**What this task involves:**
Copy exactly, beginning with the line holding "10811 138th Street Property Photo 21" and ending with the final line of the data beneath this task; copy nothing else, and leave out every picture.

**Collected material:**
--- --- ---
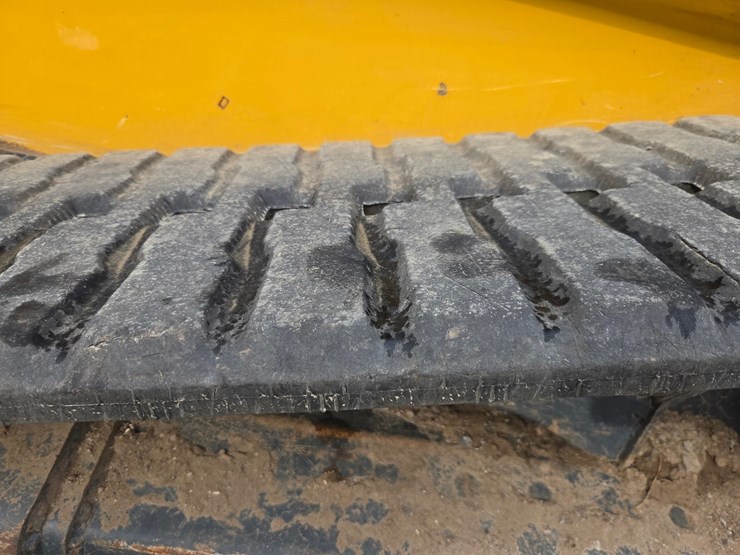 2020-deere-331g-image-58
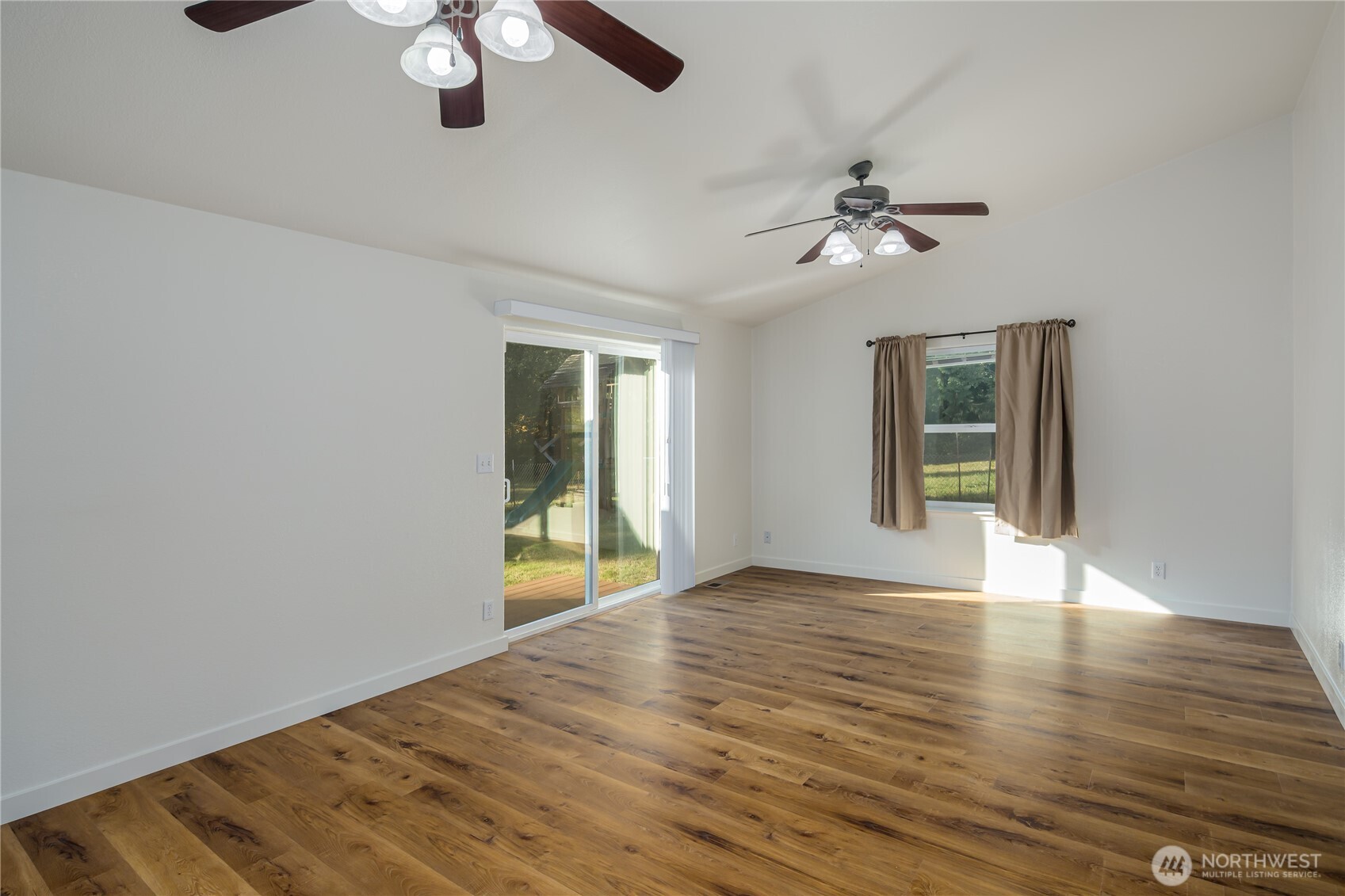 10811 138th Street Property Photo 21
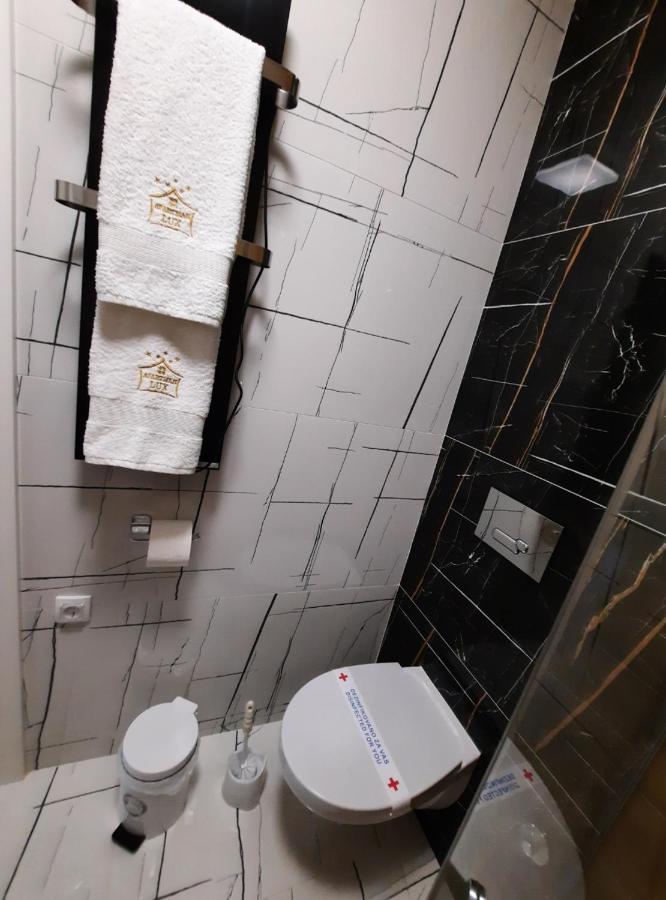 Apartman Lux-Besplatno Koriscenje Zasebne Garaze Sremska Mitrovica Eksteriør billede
--- --- ---
**Solution to the problem:**
 10811 138th Street Property Photo 21
 Apartman Lux-Besplatno Koriscenje Zasebne Garaze Sremska Mitrovica Eksteriør billede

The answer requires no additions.